EXERCISE DIRECTIONS
Reproduce the complete set of records exactly. No picture is to appear in the copy.

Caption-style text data
========================================================================

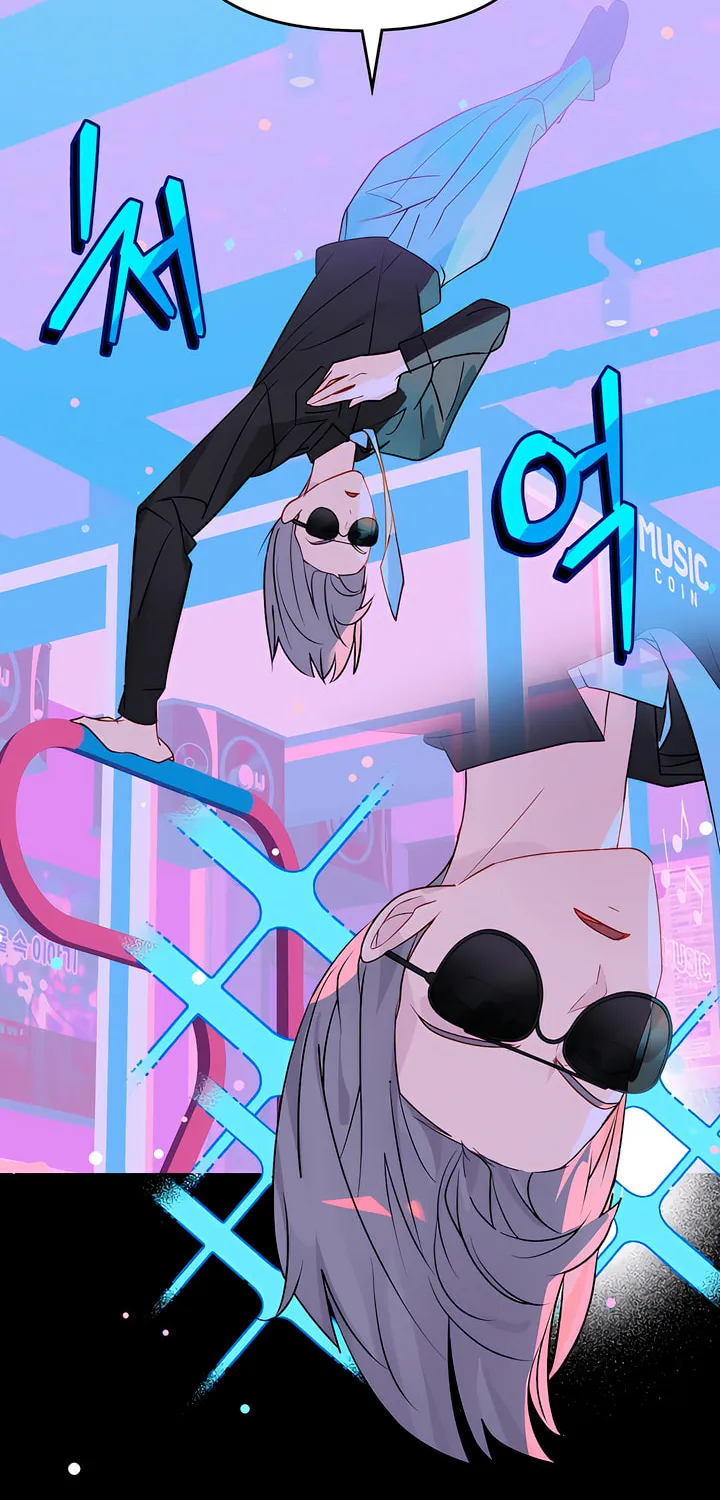 Dealing With Demons Chapter 20 page 10 - 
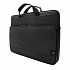 14 hüvelykes laptoptáska, Modern Moonless Night, Holdtalan éjszaka, 100% poliészterből, CJ8D0AA, HP típus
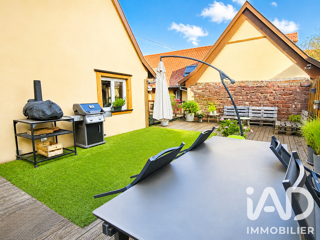  Maison à vendre 11 pièces 334 m²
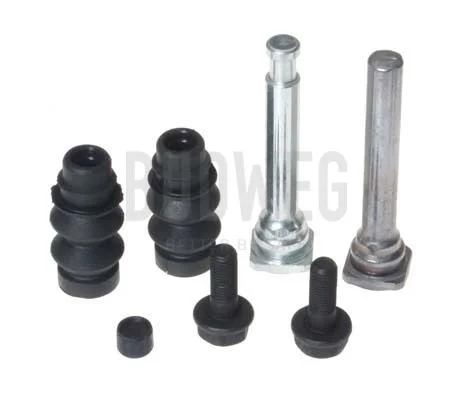 Kit de Casquilhoss guia, pinça do travão BUDWEG CALIPER 169181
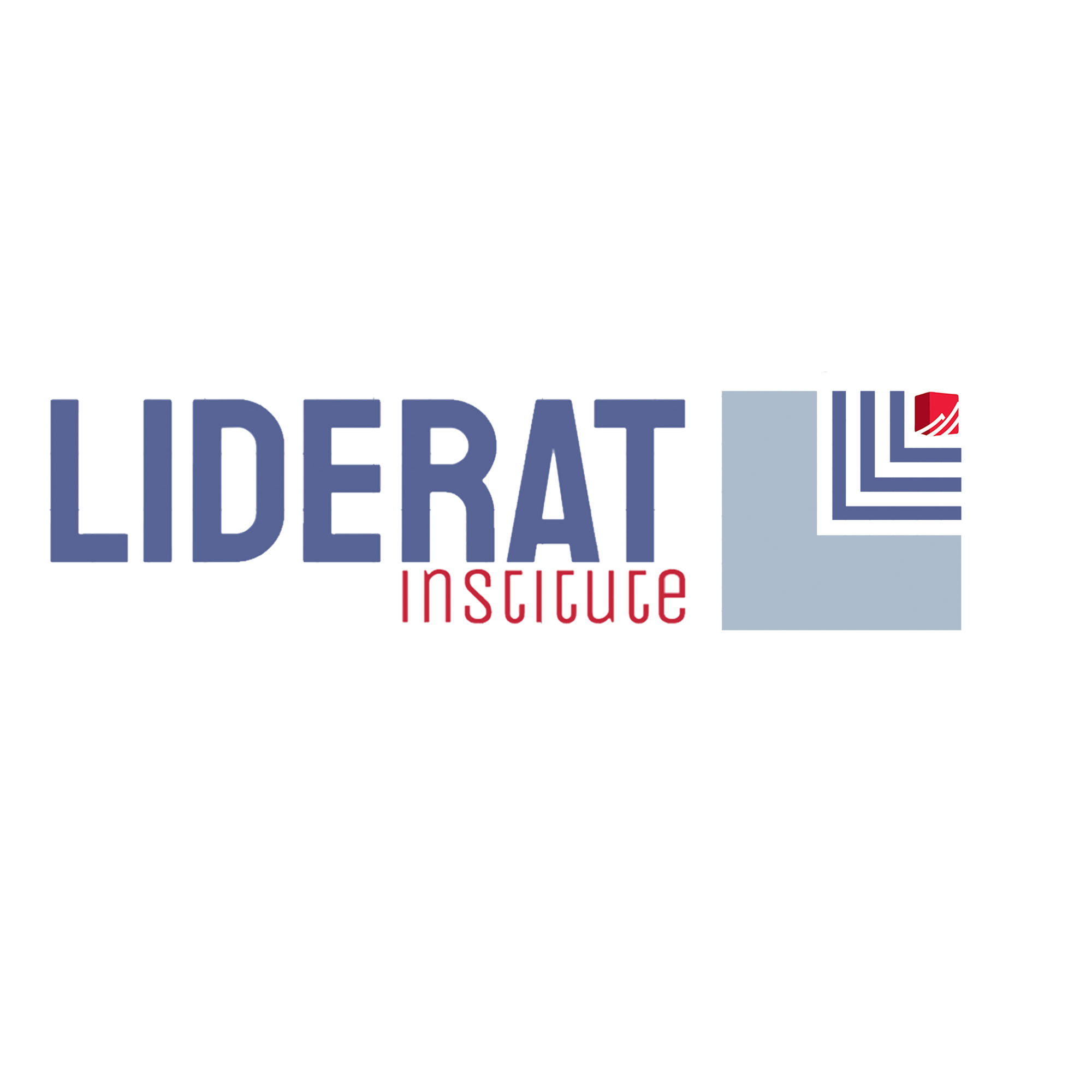 Logo Design by Neos Designs for Liderat Group | Design #25206876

========================================================================

ANSWER TO THIS EXERCISE
 Dealing With Demons Chapter 20 page 10 - 
 14 hüvelykes laptoptáska, Modern Moonless Night, Holdtalan éjszaka, 100% poliészterből, CJ8D0AA, HP típus
  Maison à vendre 11 pièces 334 m²
 Kit de Casquilhoss guia, pinça do travão BUDWEG CALIPER 169181
 Logo Design by Neos Designs for Liderat Group | Design #25206876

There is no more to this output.